The first-person section features well-modelled enemies and an innovative weapons system
No hidden agendas here. EA present their latest skew on the overused formula of fast cars and big guns in a wasted world of the future.
Matt Pierce
Ever since Mel Gibson crammed himself into unforgivingly tight leather trews and went a bit nuts, the 'meeja' in all its forms has been awash with visions of post apocalyptic wastelands dominated by cars. An inherently flawed concept, bearing in mind the resistance of tyres to nuclear explosions, but that's not bothered Accolade.
Like the age-old Quarantine, and the still-notorious Carmageddon, Redline is a volatile mixture of skilled driving married with random, foot-based violence.

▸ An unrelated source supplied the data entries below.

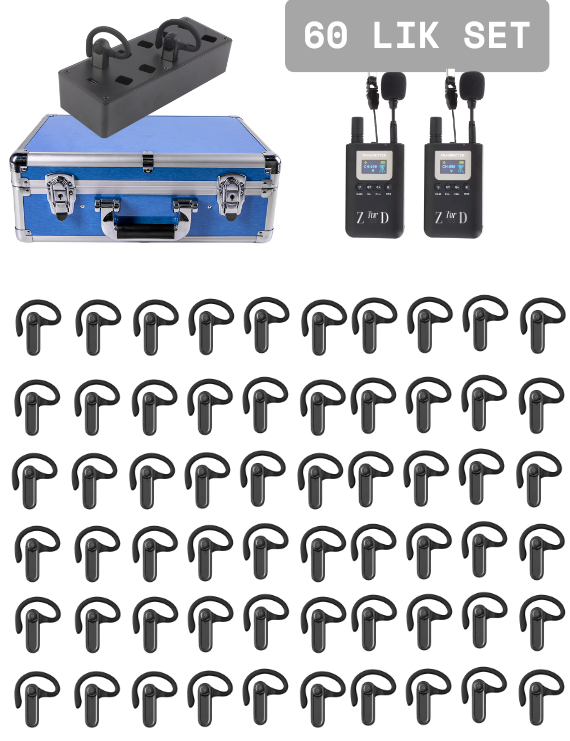 ZDK-6901R 60 Luk Set Tur Rehber Kulaklık  Sistemleri 
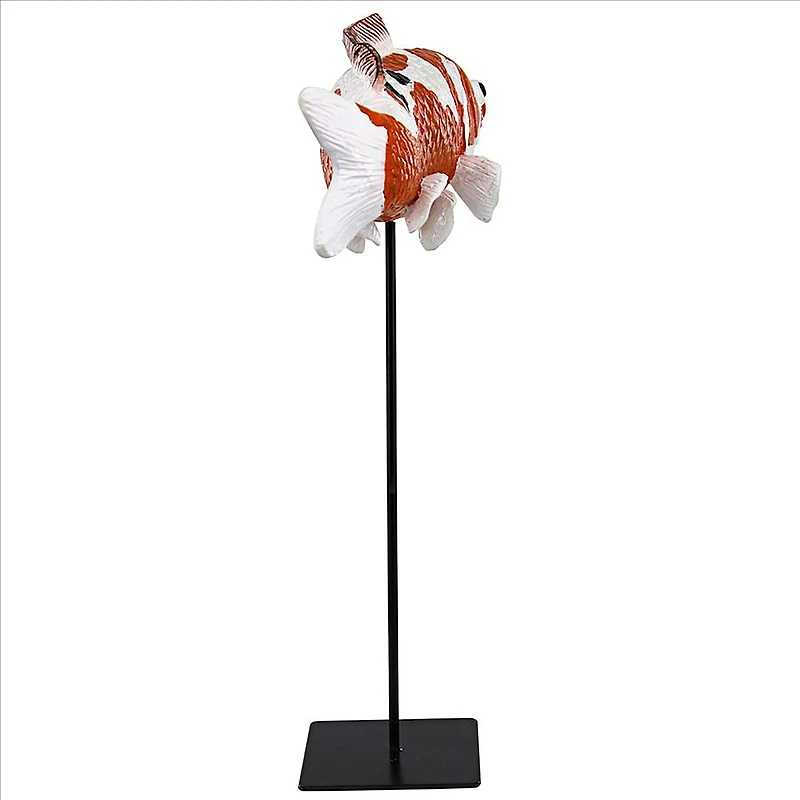 Design Toscano 11.5" Large Japanese Floating Koi Sculpture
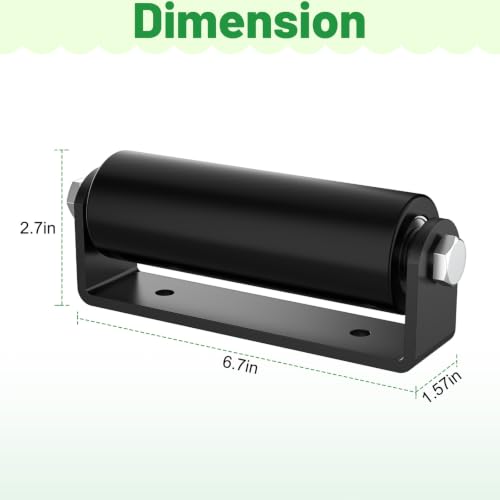2 Pack 6" Sliding Gate Roller Guide with C-Sliding Gate Bracket - Image 3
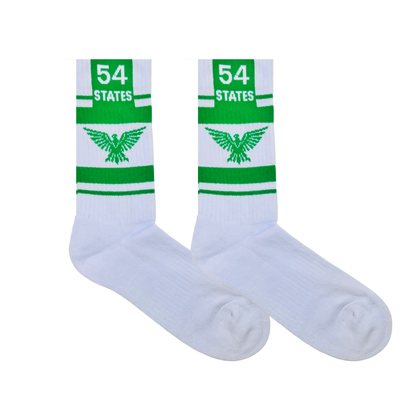 54 States Green Eagle Socks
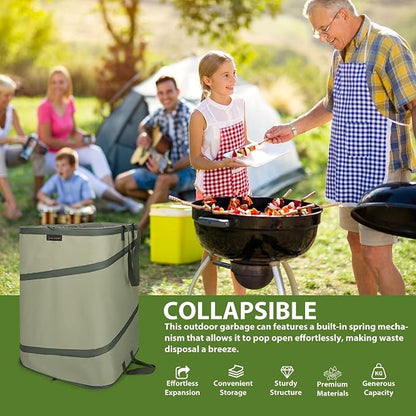 YUDI & GARDEN 46 Gallon Square Collapsible Yard Waste Containers｜Collapsible - Image 5
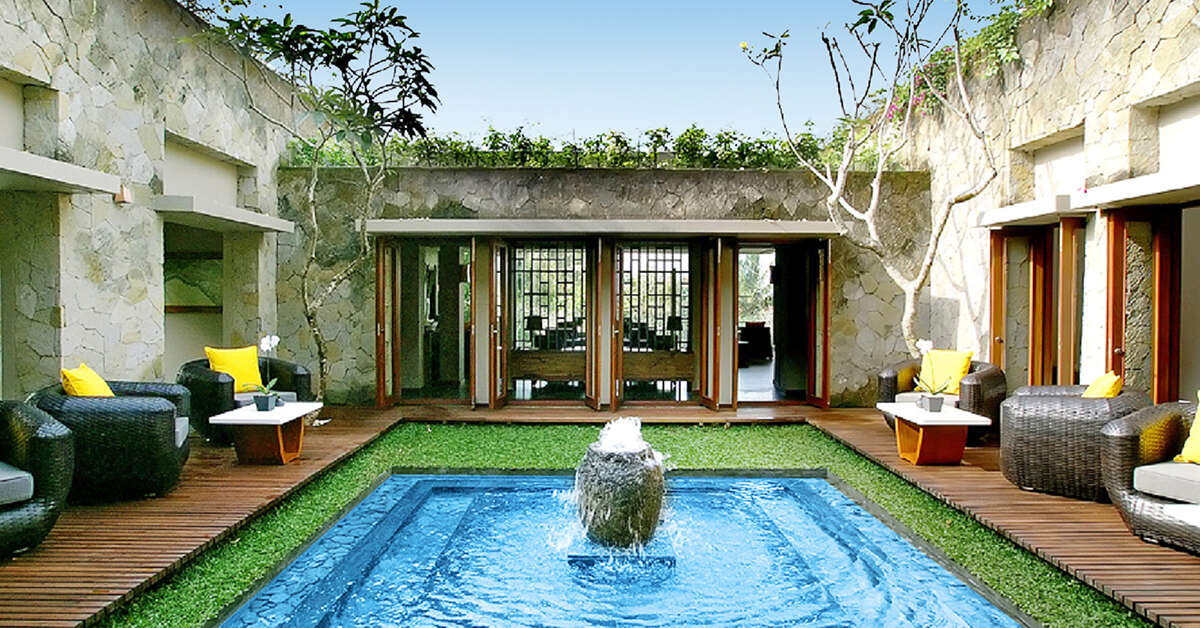Een foto van de buitenkant van Maya Ubud Resort & Spa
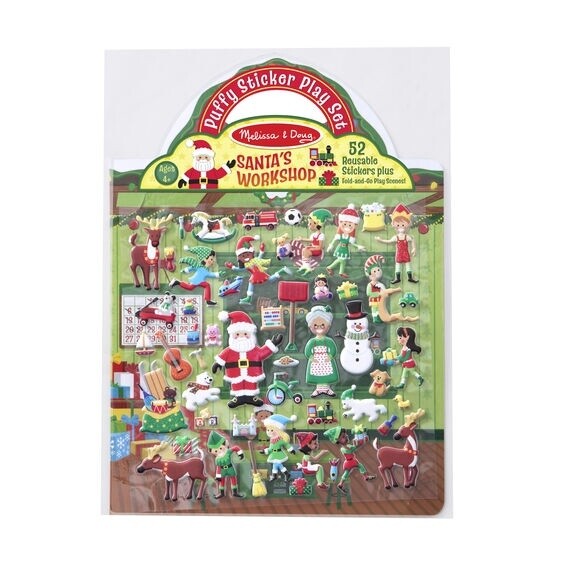 Melissa &amp; Doug puffy sticker playset- santa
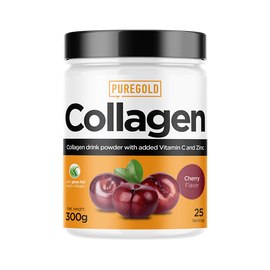 Collagen Marha kollagén italpor - Cseresznye - 300g - PureGold - 10.000mg Kollagén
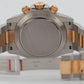 PAPERS Rolex Daytona Cosmograph BLUE RACING 116503 18K Gold Two-Tone Watch BOX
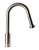 ALFI Brushed Nickel Sensor Gooseneck Pull Down Kitchen Faucet - ABKF3262-BN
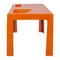 Orangefarbener Fiberglas Couchtisch im Stil von Marc Berthier 7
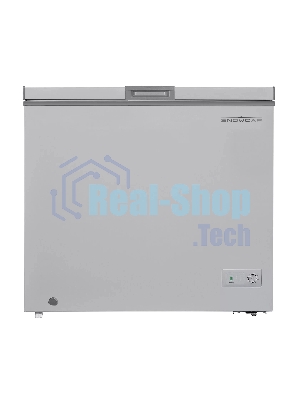 Морозильный ларь SNOWCAP CF-200 S серебристый глухая крышка, 200л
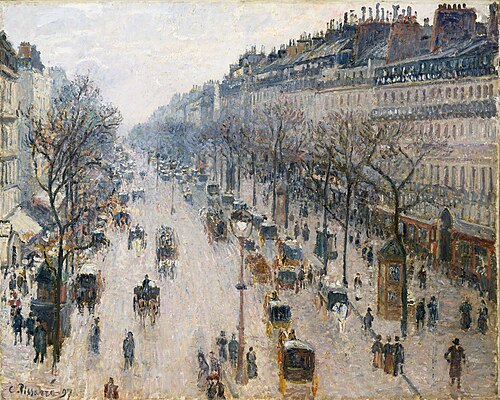 Boulevard Montmartre un matin d'hiver, 1897, Camille Pissarro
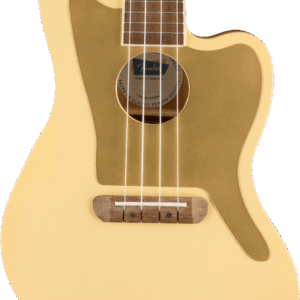 Fender FSR Fullerton Jazzmaster Electro Acoustic Ukulele in Vintage White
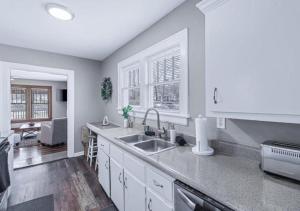 a kitchen with a sink and a counter top at Red Bud in Chattanooga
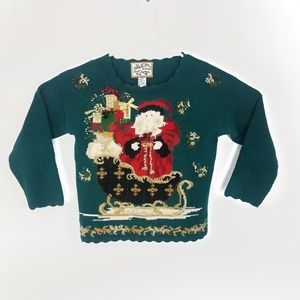 Vintage Ugly Christmas Sweater Santa Long Sleeve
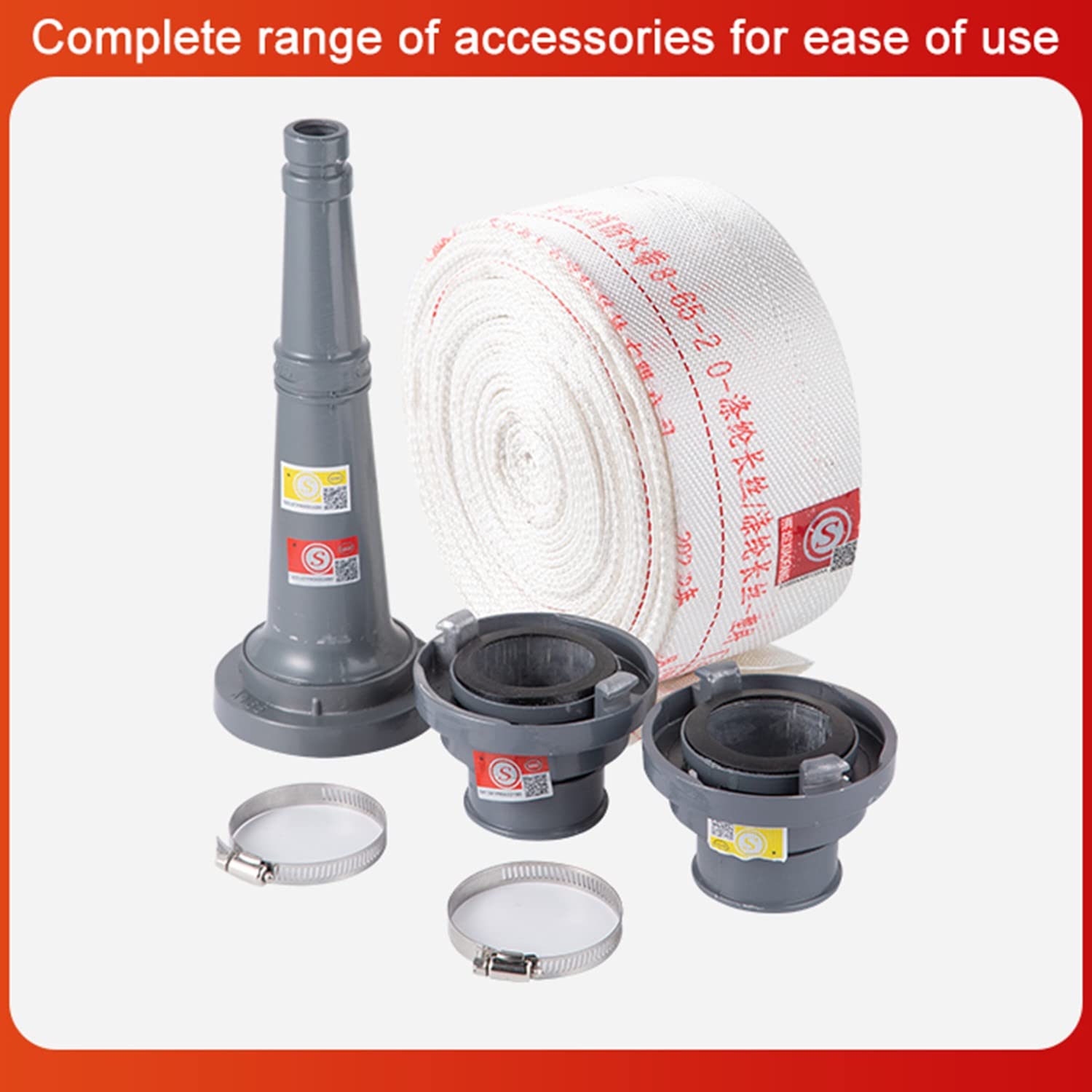 VEVOR Tubo Idraulico 1/2 Pollice X 100 Piedi, Tubo Idraulico A Spirale 4000 PSI, Tubo Idraulico In Gomma Con 2 Trecce In Filo Di Acciaio Ad Alta Resistenza - Foto 2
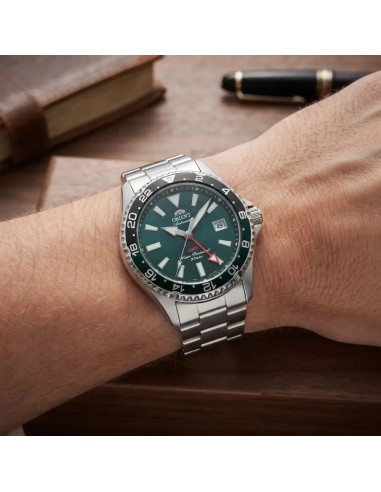 automático buceo hombre Orient Kamasu GMT  "Aoumigame" (アオウミガメ) RA-BC0002E 42.8mm 200m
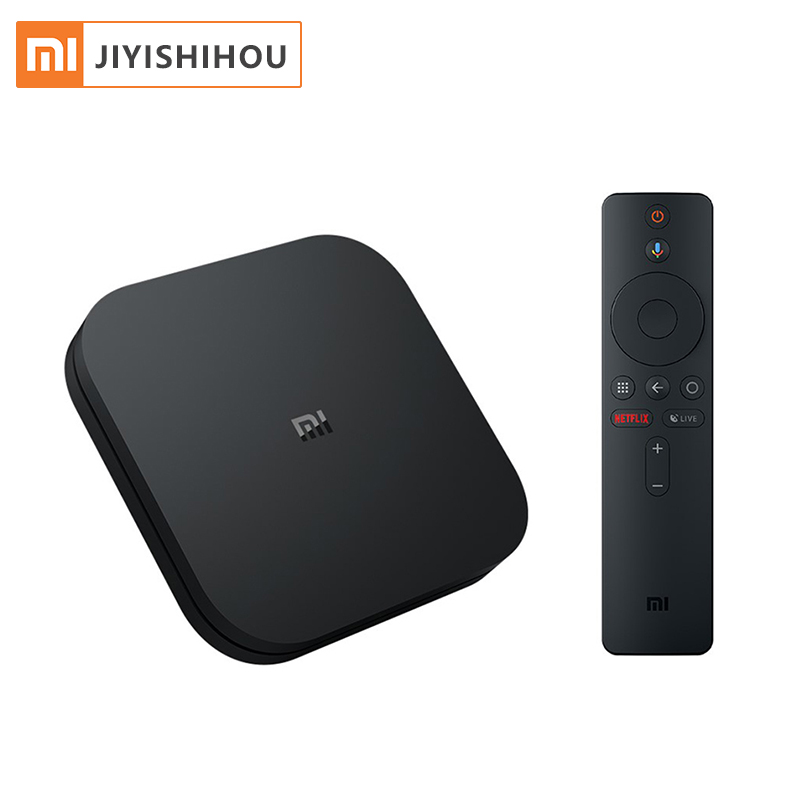 Глобальная версия Xiaomi Mi Box S 4K HDR Android TV с Google Assistant удаленный потоковый медиаплеер Mi TV Box S 4K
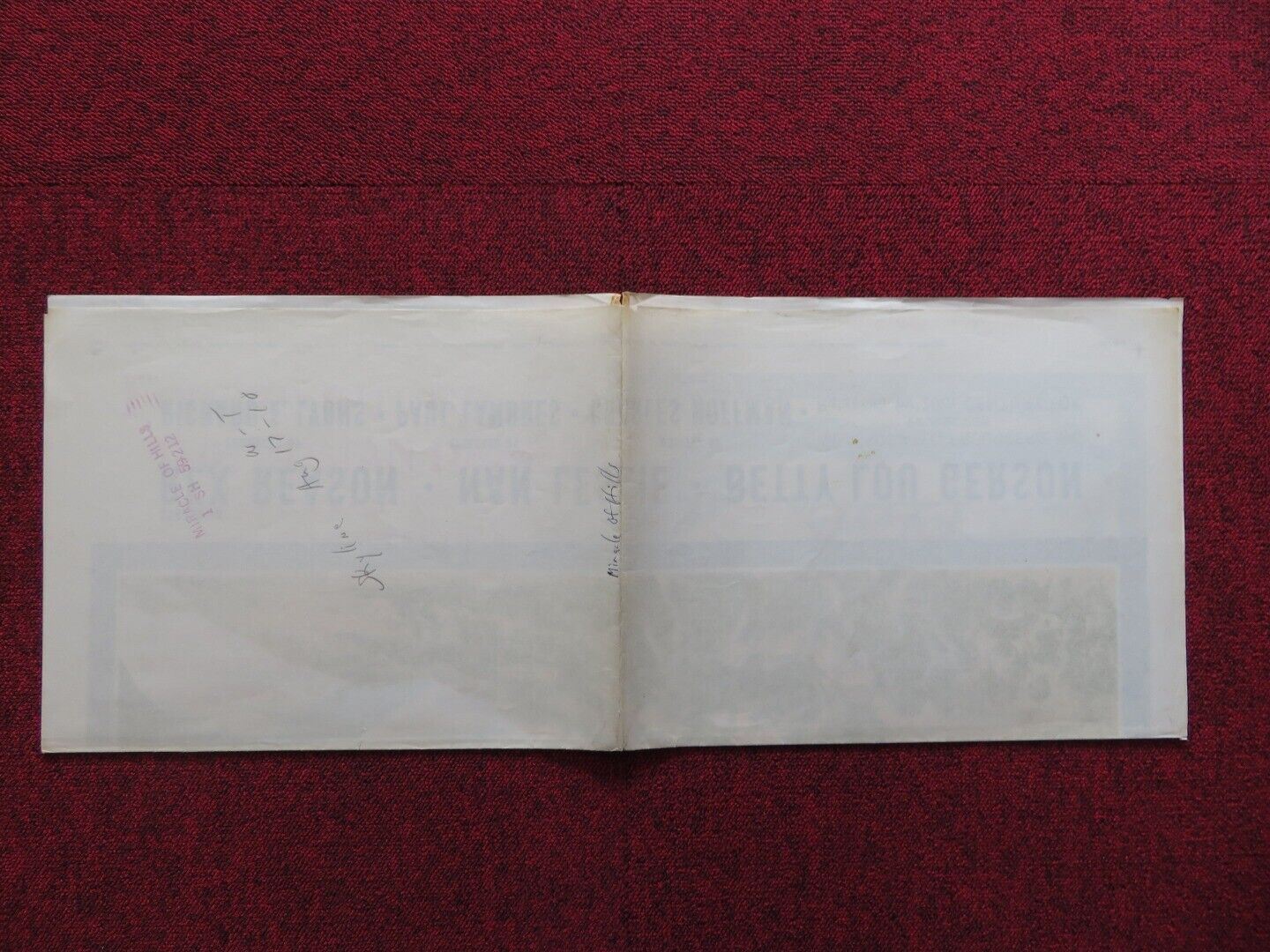 MIRACLE OF HILLS FOLDED US ONE SHEET POSTER REX REASON NAN LESLIE 1959 Movie posters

Essentially then, it's Quake meets Carmageddon. But with car-mounted guns. The kind of combination that has the BBFC wailing and gnashing their teeth about the potentially inflammatory subject matter, and that does the sales figures no harm at all.
Unfortunately, (and despite the subject matter) Redline is very little to get excited about. As neither a dedicated driving game or a first-person shooter, it suffers from a lack of focus and ends up succeeding in neither camp.
As Interstate 82's perpetual tardiness is proving, it's no mean feat to create the perfect shooter/racer hybrid, and whereas with this, Accolade have managed to create an reasonably enjoyable, high-octane blaster, the overwhelming feeling is of superficiality; it's throwaway stuff. The cars (of which any of 10 can be used) all handle too similarly - that is to say they all feel like faster, sloppier versions of the on-foot section.
The environments, meanwhile, veer between garish, over-lit futuristic arenas and sprawling, low-detail courses littered with pointless ramps and debris. But if the vehicular aspect of the game is a poor-man's Carmageddon (and it is), the more traditional first-person sequences are Quake-like. More often than not the levels demand a gratuitous frenzy of automobile combat, (mowing down enemies across your bonnet, natch), before taking to foot and getting involved in the tortuous corridors and passages of the levels' interiors.